# TASK PROMPT
Go through the data below and transcribe it exactly. Omit the images.
========================
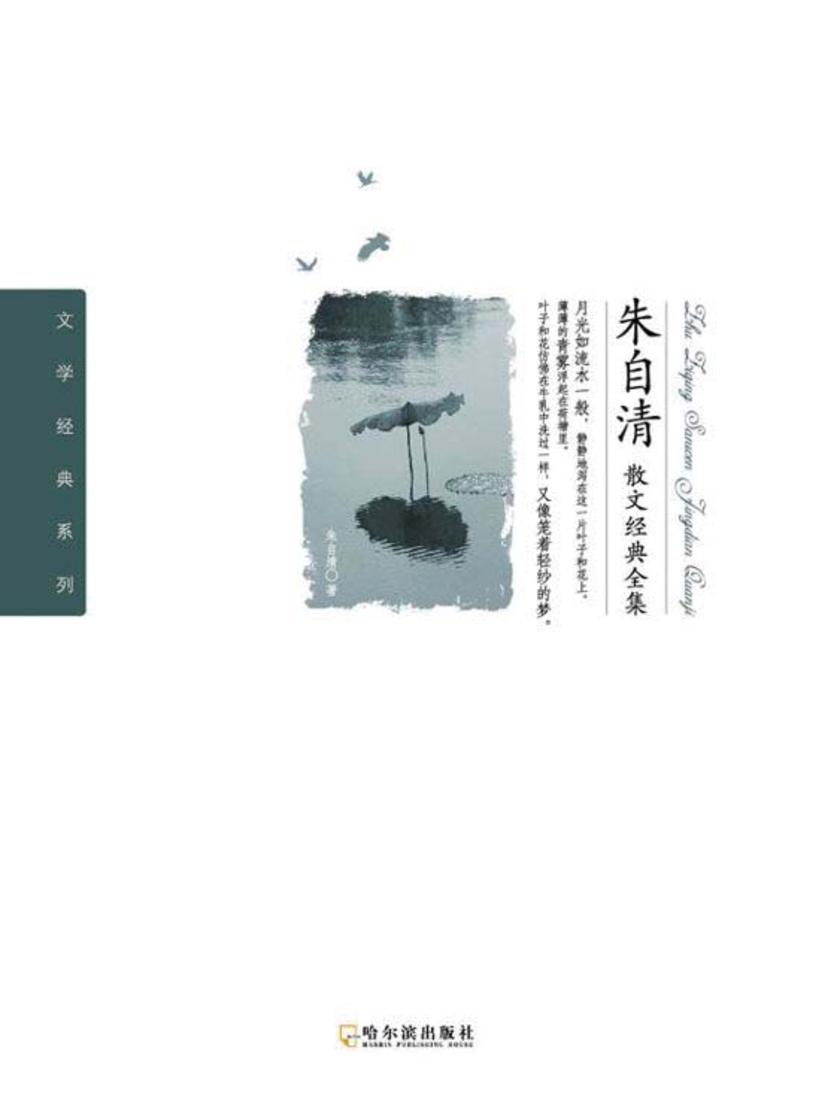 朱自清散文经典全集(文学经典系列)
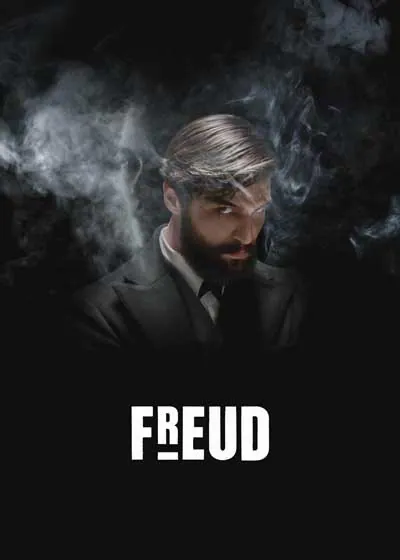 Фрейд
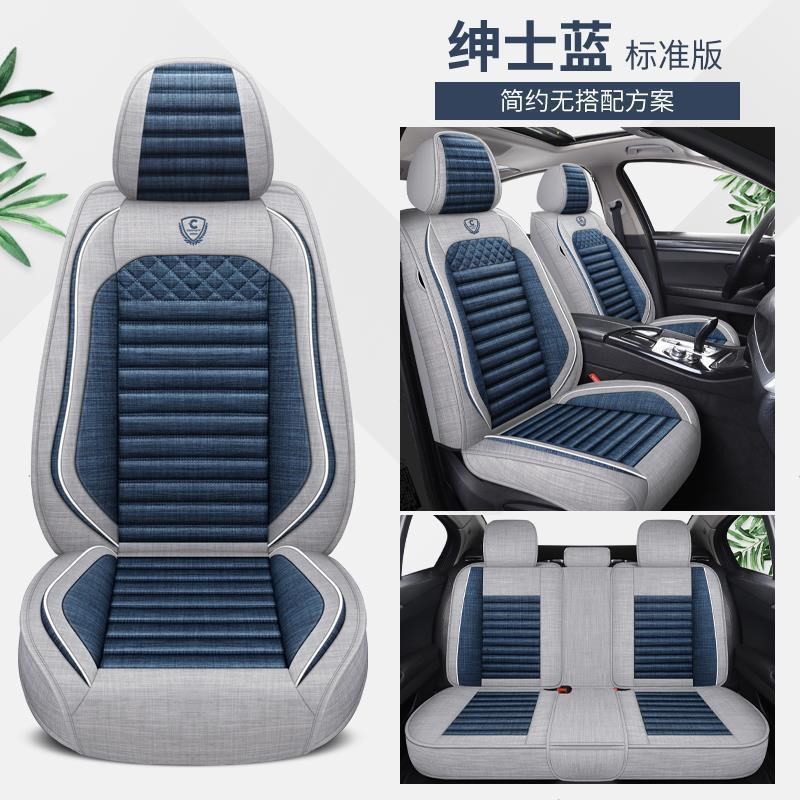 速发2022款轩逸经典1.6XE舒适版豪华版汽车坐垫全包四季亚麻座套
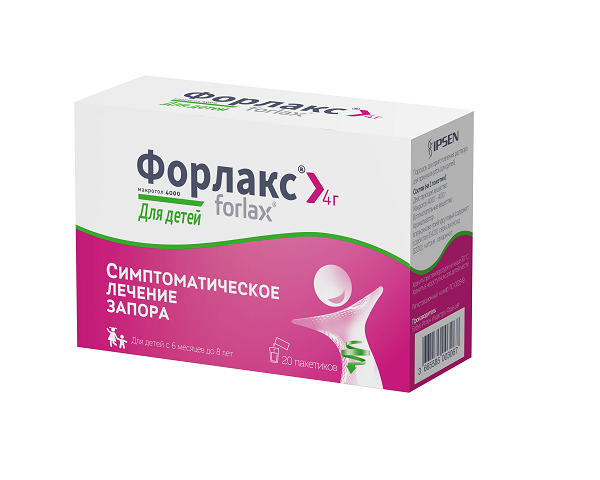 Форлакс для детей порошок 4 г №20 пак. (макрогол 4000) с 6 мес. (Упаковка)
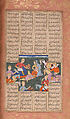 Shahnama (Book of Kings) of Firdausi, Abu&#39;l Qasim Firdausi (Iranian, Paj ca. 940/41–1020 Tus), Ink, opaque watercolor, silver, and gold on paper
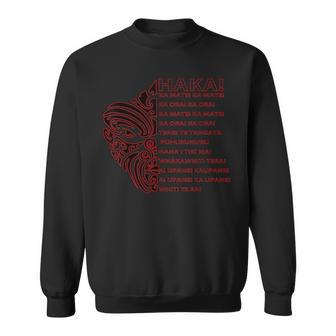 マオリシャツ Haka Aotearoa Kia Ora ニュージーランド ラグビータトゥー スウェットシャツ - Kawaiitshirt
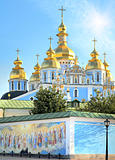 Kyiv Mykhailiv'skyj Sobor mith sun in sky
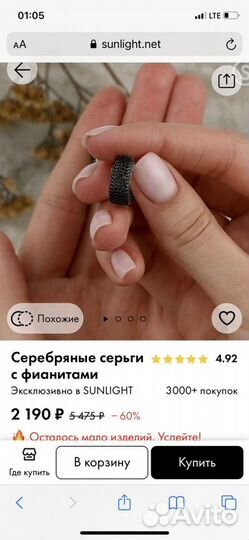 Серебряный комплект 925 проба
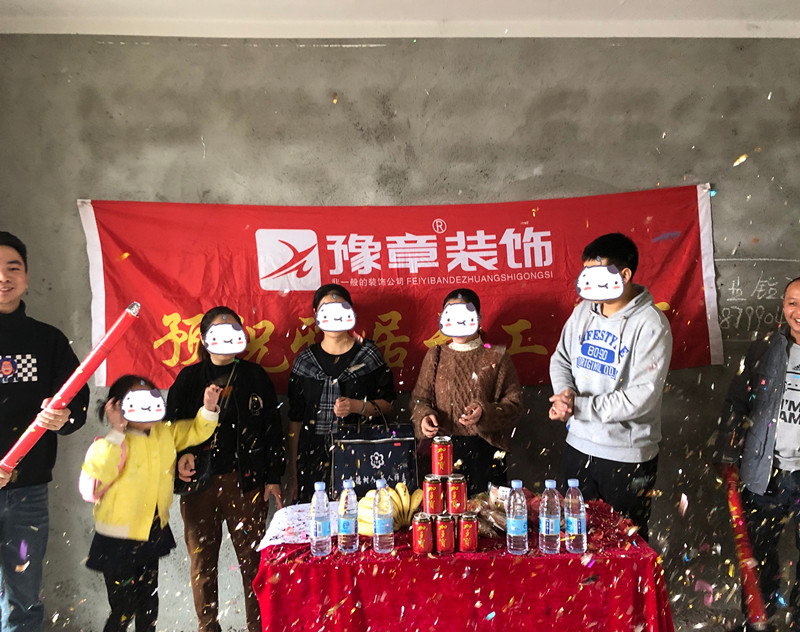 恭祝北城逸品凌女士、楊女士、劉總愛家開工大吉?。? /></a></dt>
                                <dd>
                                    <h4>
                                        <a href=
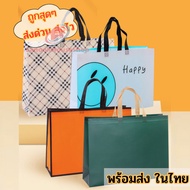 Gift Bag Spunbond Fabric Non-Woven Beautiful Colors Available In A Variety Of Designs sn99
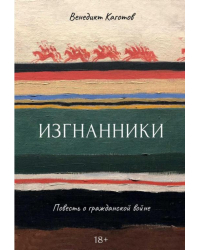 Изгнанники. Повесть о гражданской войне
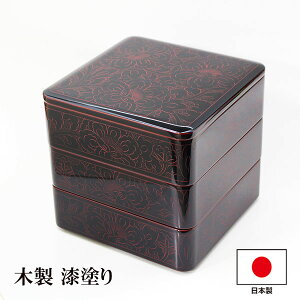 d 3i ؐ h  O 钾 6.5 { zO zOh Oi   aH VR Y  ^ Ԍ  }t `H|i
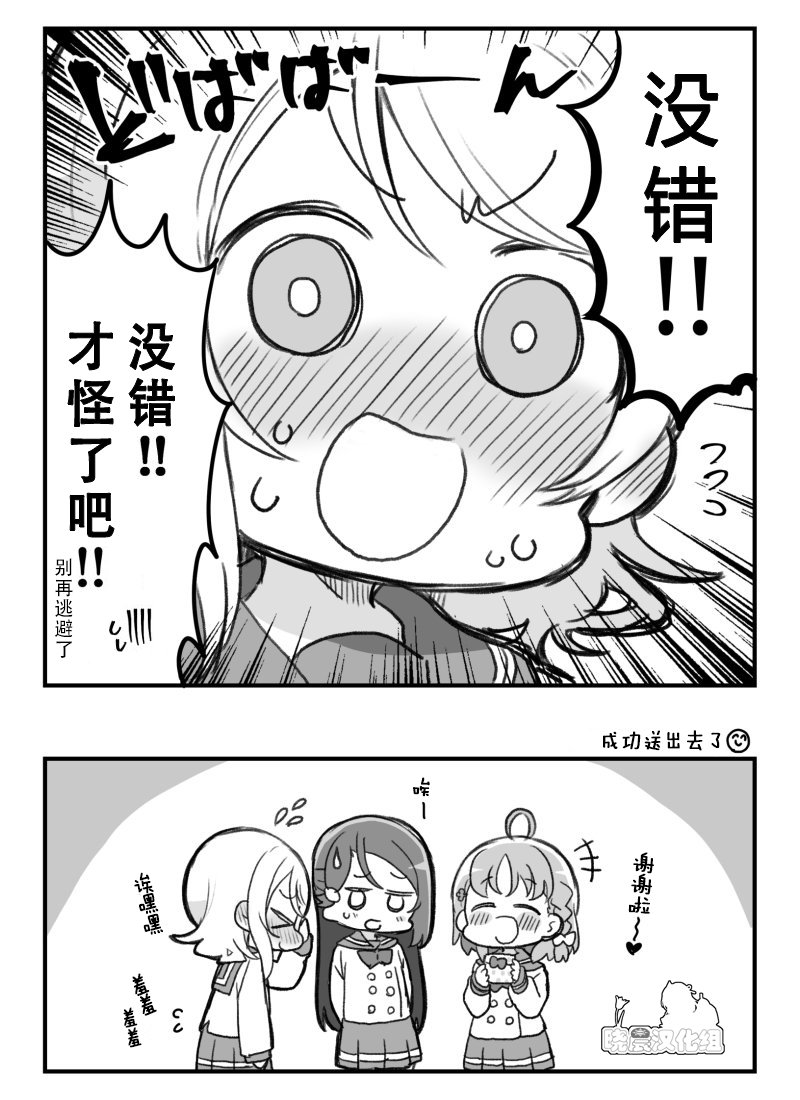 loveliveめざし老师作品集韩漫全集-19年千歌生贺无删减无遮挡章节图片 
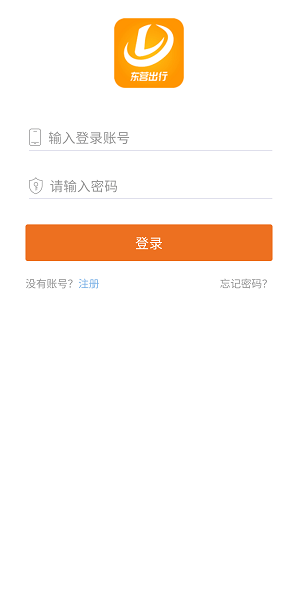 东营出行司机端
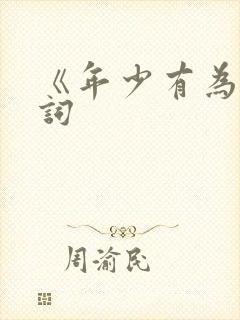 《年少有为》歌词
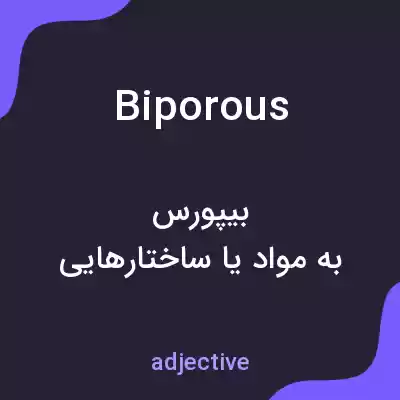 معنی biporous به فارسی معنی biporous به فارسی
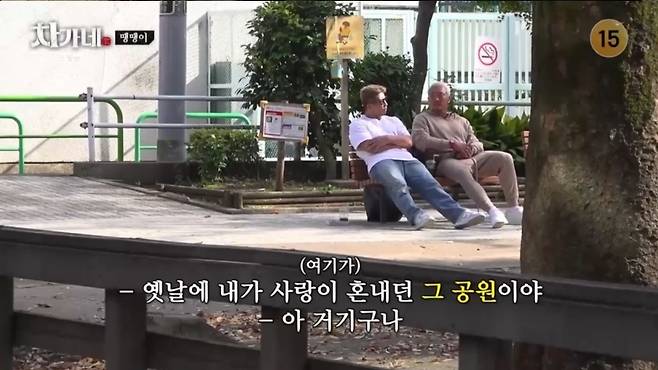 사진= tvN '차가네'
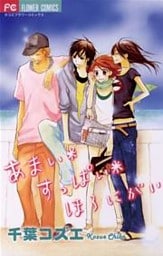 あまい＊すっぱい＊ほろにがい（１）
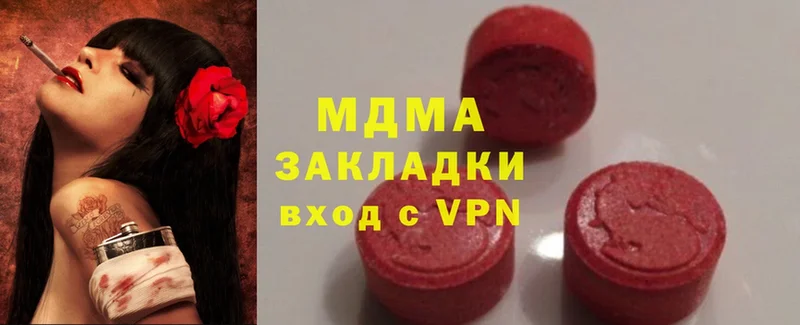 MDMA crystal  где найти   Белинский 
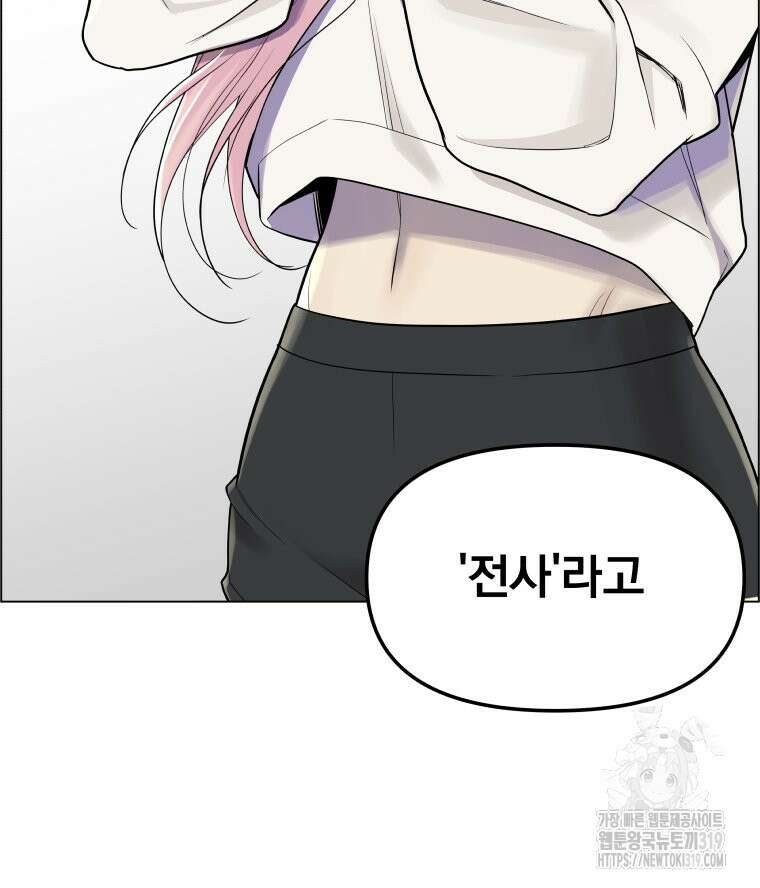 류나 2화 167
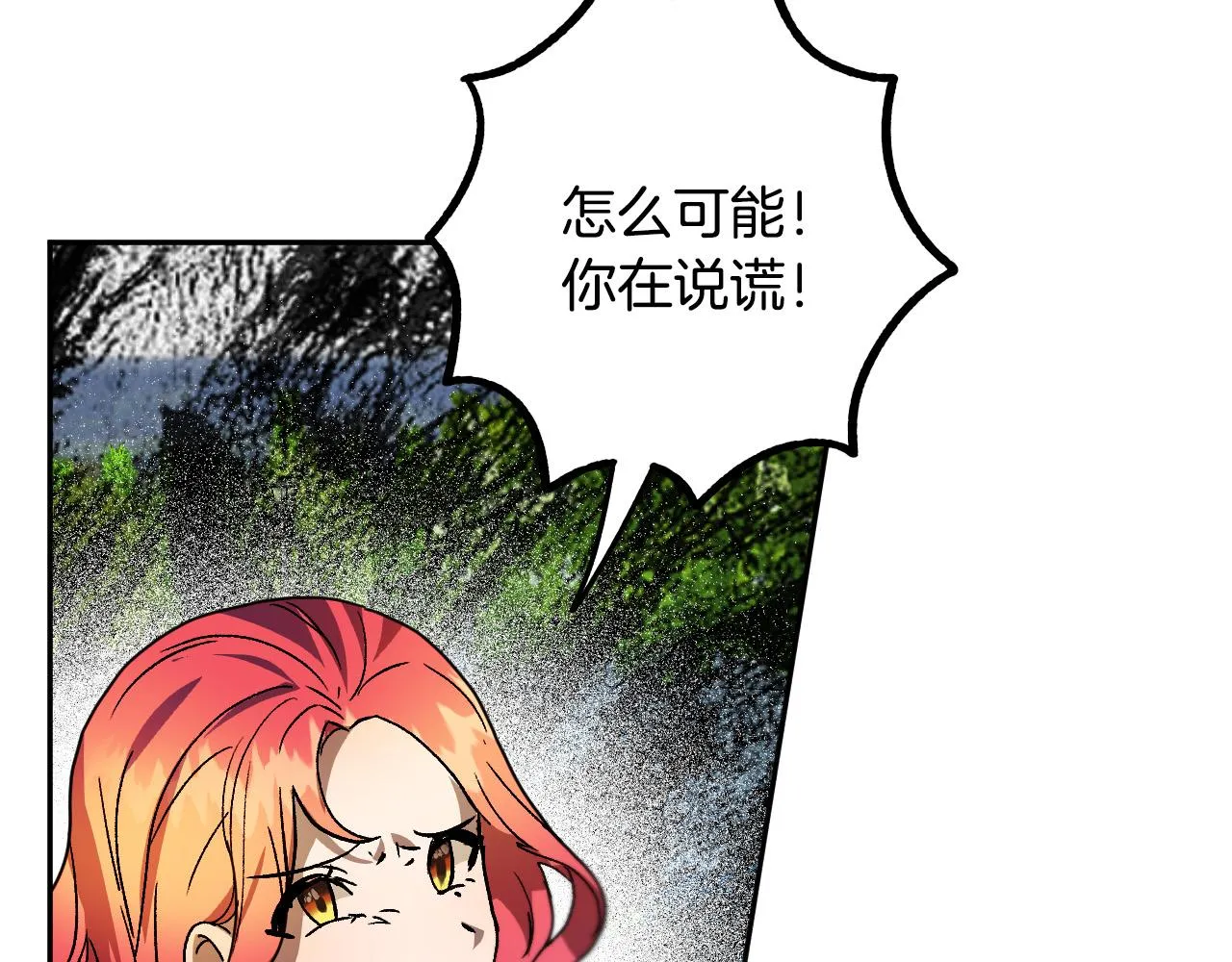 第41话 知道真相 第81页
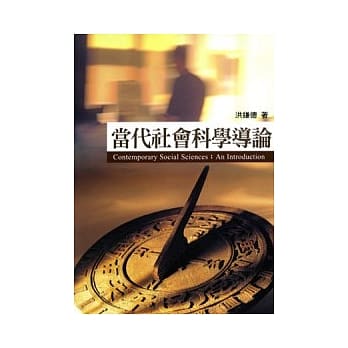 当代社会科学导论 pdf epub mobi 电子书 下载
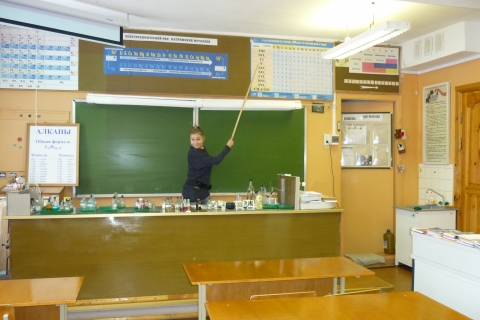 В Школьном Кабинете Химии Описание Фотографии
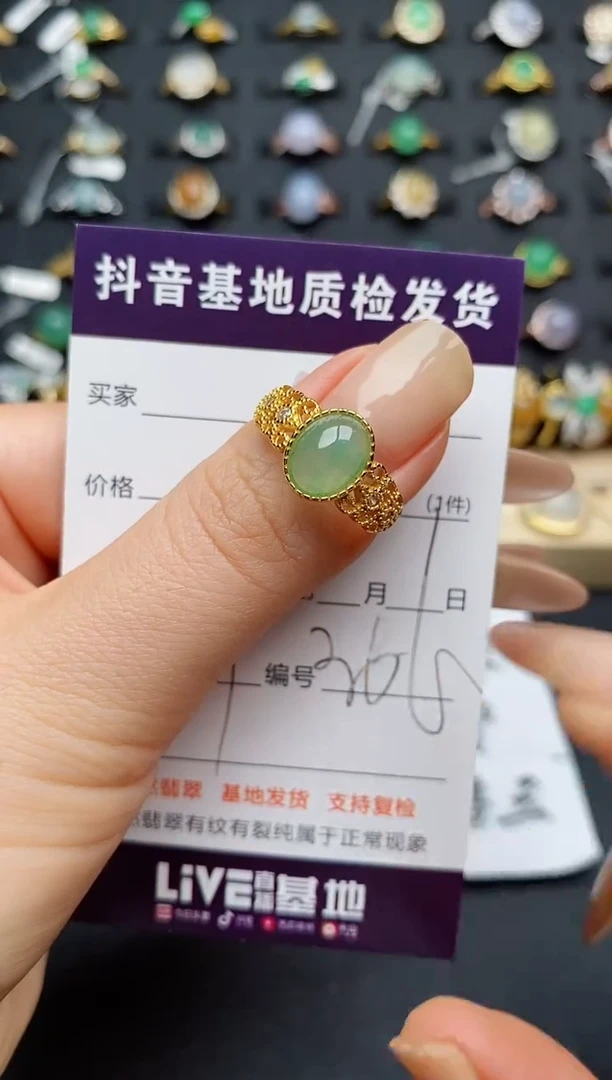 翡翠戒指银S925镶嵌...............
========================
# RESPONSE FOR THIS EXERCISE
 朱自清散文经典全集(文学经典系列)
 Фрейд
 速发2022款轩逸经典1.6XE舒适版豪华版汽车坐垫全包四季亚麻座套
 Форлакс для детей порошок 4 г №20 пак. (макрогол 4000) с 6 мес. (Упаковка)
 Shahnama (Book of Kings) of Firdausi, Abu&#39;l Qasim Firdausi (Iranian, Paj ca. 940/41–1020 Tus), Ink, opaque watercolor, silver, and gold on paper
 マオリシャツ Haka Aotearoa Kia Ora ニュージーランド ラグビータトゥー スウェットシャツ - Kawaiitshirt
 Kyiv Mykhailiv'skyj Sobor mith sun in sky
 Серебряный комплект 925 проба
 恭祝北城逸品凌女士、楊女士、劉總愛家開工大吉?。? /></a></dt>
                                <dd>
                                    <h4>
                                        <a href=
 Gift Bag Spunbond Fabric Non-Woven Beautiful Colors Available In A Variety Of Designs sn99
 Изгнанники. Повесть о гражданской войне
 d 3i ؐ h  O 钾 6.5 { zO zOh Oi   aH VR Y  ^ Ԍ  }t `H|i
 loveliveめざし老师作品集韩漫全集-19年千歌生贺无删减无遮挡章节图片 
 东营出行司机端
 《年少有为》歌词
 معنی biporous به فارسی معنی biporous به فارسی
 사진= tvN '차가네'
 あまい＊すっぱい＊ほろにがい（１）
 MDMA crystal  где найти   Белинский 
 류나 2화 167
 第41话 知道真相 第81页
 当代社会科学导论 pdf epub mobi 电子书 下载
 В Школьном Кабинете Химии Описание Фотографии
 翡翠戒指银S925镶嵌...............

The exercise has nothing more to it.